(INFORMATION GIVEN)

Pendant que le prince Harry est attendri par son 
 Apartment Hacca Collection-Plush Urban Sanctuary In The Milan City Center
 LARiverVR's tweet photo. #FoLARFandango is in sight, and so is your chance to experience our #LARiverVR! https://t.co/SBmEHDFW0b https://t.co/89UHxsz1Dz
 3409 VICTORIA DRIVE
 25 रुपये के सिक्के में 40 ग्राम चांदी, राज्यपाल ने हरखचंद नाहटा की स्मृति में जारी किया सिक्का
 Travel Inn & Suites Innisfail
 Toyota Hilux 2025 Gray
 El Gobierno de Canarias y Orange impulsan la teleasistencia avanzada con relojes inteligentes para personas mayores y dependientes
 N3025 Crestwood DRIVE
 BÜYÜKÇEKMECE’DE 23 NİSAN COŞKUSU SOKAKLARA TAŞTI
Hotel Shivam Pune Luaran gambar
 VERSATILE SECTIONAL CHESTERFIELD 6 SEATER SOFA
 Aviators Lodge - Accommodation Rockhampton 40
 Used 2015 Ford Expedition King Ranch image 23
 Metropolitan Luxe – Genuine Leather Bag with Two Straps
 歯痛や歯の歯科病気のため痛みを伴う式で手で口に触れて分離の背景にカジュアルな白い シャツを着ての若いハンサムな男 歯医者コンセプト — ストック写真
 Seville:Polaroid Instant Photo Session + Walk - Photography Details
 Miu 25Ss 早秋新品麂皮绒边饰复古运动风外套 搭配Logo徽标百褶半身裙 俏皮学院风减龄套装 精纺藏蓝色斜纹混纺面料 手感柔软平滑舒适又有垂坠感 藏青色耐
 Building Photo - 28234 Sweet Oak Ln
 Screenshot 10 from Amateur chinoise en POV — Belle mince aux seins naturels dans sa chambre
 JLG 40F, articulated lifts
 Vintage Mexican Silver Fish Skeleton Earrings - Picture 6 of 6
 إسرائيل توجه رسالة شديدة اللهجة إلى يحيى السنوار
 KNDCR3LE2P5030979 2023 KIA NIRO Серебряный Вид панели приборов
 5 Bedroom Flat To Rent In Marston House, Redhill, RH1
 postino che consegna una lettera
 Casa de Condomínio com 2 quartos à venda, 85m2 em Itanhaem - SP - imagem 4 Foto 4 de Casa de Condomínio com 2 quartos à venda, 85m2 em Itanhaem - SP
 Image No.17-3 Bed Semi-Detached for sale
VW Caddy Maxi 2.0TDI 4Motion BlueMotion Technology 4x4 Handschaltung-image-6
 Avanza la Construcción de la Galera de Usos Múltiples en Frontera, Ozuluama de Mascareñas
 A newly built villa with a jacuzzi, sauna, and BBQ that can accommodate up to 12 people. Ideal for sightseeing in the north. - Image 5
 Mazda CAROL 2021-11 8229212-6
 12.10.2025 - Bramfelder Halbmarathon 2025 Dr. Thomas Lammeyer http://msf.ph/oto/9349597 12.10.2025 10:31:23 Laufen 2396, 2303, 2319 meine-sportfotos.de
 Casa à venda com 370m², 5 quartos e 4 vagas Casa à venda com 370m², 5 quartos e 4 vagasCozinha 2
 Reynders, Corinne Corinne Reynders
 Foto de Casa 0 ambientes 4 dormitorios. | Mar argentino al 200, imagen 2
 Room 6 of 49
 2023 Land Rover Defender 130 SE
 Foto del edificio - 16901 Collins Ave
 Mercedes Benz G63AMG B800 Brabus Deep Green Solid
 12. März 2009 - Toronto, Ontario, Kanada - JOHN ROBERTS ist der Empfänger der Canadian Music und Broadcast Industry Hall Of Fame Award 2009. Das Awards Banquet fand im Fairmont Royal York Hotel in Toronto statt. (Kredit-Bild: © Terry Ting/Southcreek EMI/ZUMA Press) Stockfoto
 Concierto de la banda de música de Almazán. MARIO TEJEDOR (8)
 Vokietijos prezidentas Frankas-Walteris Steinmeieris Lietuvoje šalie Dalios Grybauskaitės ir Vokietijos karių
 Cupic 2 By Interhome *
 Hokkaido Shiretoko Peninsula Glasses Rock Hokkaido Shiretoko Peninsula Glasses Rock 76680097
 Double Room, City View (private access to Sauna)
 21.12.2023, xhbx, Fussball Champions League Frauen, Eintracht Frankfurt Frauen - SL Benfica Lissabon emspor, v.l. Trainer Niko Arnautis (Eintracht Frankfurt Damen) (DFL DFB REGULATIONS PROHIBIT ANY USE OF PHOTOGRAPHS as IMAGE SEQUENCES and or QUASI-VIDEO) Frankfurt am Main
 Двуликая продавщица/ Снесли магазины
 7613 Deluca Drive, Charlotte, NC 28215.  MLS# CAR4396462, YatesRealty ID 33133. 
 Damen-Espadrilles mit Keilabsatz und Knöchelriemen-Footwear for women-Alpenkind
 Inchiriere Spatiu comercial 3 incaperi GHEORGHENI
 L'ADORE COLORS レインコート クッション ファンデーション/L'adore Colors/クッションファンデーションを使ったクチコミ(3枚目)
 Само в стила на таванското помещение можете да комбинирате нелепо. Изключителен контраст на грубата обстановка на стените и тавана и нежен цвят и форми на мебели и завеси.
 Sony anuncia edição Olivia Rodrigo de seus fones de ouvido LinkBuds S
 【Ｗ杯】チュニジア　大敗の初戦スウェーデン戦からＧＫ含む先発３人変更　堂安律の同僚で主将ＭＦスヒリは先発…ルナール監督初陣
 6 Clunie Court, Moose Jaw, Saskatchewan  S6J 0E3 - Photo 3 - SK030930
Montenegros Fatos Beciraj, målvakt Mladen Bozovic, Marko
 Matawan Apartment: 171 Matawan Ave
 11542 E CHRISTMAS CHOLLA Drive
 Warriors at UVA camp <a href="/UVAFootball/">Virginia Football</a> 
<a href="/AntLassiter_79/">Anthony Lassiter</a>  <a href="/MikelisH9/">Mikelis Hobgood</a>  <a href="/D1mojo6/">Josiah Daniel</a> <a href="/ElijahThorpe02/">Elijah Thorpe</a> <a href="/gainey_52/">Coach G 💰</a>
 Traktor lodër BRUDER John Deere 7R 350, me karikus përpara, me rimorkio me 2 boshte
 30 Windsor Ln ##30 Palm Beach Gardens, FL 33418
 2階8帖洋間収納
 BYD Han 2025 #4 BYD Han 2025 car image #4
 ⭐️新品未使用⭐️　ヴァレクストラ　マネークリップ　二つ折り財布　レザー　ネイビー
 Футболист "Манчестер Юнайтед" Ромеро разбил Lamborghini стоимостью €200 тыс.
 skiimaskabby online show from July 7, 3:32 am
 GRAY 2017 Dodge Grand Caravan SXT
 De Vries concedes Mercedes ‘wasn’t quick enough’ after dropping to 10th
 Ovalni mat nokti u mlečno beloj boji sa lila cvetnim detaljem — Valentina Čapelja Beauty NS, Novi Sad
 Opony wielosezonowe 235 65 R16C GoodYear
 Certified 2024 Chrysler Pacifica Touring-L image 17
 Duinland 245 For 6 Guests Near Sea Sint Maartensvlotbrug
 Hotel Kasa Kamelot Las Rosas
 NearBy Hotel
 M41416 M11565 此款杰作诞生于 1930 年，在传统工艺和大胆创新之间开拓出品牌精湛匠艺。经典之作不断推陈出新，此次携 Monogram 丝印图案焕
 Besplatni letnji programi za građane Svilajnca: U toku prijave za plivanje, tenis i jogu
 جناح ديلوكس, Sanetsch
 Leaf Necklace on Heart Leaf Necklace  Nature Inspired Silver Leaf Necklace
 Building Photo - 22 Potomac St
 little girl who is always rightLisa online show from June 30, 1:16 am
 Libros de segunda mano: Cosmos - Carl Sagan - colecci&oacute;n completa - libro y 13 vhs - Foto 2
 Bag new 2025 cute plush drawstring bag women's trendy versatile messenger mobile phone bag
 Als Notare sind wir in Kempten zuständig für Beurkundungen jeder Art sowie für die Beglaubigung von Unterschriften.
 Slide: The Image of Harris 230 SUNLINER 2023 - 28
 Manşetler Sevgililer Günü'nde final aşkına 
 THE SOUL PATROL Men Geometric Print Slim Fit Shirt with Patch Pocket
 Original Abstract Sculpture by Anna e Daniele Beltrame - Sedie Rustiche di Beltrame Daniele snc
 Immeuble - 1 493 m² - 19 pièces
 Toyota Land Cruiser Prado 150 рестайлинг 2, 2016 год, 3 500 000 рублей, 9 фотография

(End INFORMATION GIVEN)

Repeat the entries above verbatim, but only from the line that has "إسرائيل توجه رسالة" down to the line that has "Avanza la Construcción", inclusive.

→ **OUTPUT FOR THIS TASK**:
 إسرائيل توجه رسالة شديدة اللهجة إلى يحيى السنوار
 KNDCR3LE2P5030979 2023 KIA NIRO Серебряный Вид панели приборов
 5 Bedroom Flat To Rent In Marston House, Redhill, RH1
 postino che consegna una lettera
 Casa de Condomínio com 2 quartos à venda, 85m2 em Itanhaem - SP - imagem 4 Foto 4 de Casa de Condomínio com 2 quartos à venda, 85m2 em Itanhaem - SP
 Image No.17-3 Bed Semi-Detached for sale
VW Caddy Maxi 2.0TDI 4Motion BlueMotion Technology 4x4 Handschaltung-image-6
 Avanza la Construcción de la Galera de Usos Múltiples en Frontera, Ozuluama de Mascareñas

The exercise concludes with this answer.